In the United States, one of the richest nations on Earth, millions of families struggle with hunger every day. This is why we have a social safety net that includes benefits such as the Supplemental Nutrition Assistance Program (SNAP), sometimes known as food stamps. It ensures that our neighbors have food to eat during hard times, economic downturns or when a sudden crisis crops up.
Today, SNAP benefits are at risk for millions of people as Congress prepares to consider legislation that would slash over $20 billion from the program. The danger with this is that SNAP provides meals to more than 40 million Americans, half of whom are children, seniors, and people with disabilities.
It is one of the most effective anti-poverty programs in the U.S., lifting more than 8 million families out of poverty.
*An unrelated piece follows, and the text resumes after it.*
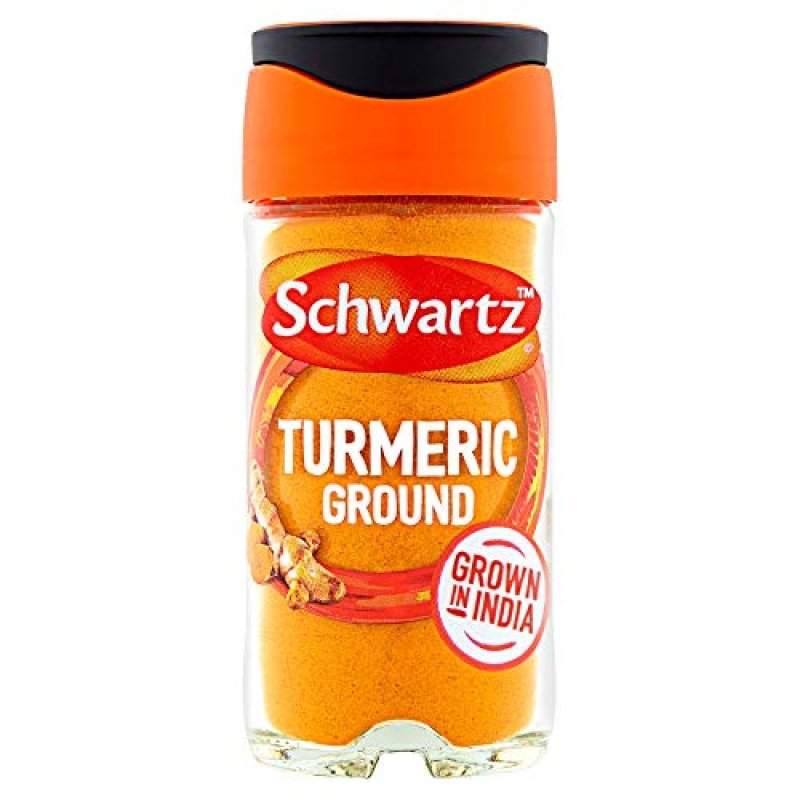 Schwartz Turmeric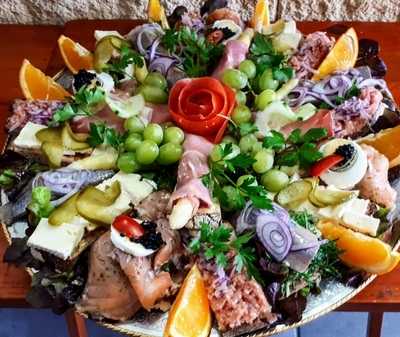 Gourmeteria Botánico Bei Susi & Rudy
SNAP provides the support people need to take care of themselves and their families in an economy that continues to grapple with stagnant wages, escalating grocery prices, expensive housing, costly health care and massive shifts of wealth to the rich at the expense of the poor and middle class.
Just last month, the new tax law that Congress approved in December was implemented, giving every millionaire in the nation an average tax break of over $48,000 this year alone. That’s three times more than an employee paid the federal hourly minimum wage of $7.25 earns working full-time.
In total, the tax law gave a $2 trillion cut to the richest 1% of households while the proposed funding cuts to SNAP would take food away from 2 million people, including families with children, veterans, people with disabilities and the working poor.
Many working adults who depend on food stamps to feed their families have jobs that don’t pay them enough money to make ends meet. In fact, the U.S. Department of Agriculture has found that three-fourths of low-wage workers qualify for food stamps even though they are working. The majority of households that receive SNAP benefits have incomes at the poverty line and 56 percent have incomes at half of the poverty level (about $10,390 for a family of three in 2018).
Yet, the proposed changes to SNAP in the House Agriculture Committee farm bill (H.R. 2), which action is expected on this week, would actually cost more in new red tape and bureaucracy by requiring that low-wage workers prove they are working instead of ensuring that they have enough food assistance to feed their families. The bill does nothing to raise wages or create better-paying jobs that would allow employees to support their families without food stamps. It also fails to roll back the massive tax breaks that actually reward companies like Walmart and McDonald’s for paying so little that their employees have to depend on public benefits. Over the next 10 years, Walmart will receive over $20 billion in tax breaks thanks to the new tax law—that’s enough to cover the cost of these proposed cuts to SNAP in the farm bill.
The current House proposal to slash food stamp benefits is nothing less than a violation of our most fundamental moral values. While the richest people and Wall Street corporations expand their net worth by stuffing their pockets with money from tax breaks they don’t need, single mothers, people over 50 who are struggling to find jobs, and the working poor are persecuted and punished under this legislation.
In the United States, we can and must do better. Any Congress member who professes to be a person of faith should reject this bill and return to the bipartisan negotiations that for decades have kept Americans from going hungry. It’s time to pass a farm bill that protects SNAP benefits and ensures that everyone can feed their family.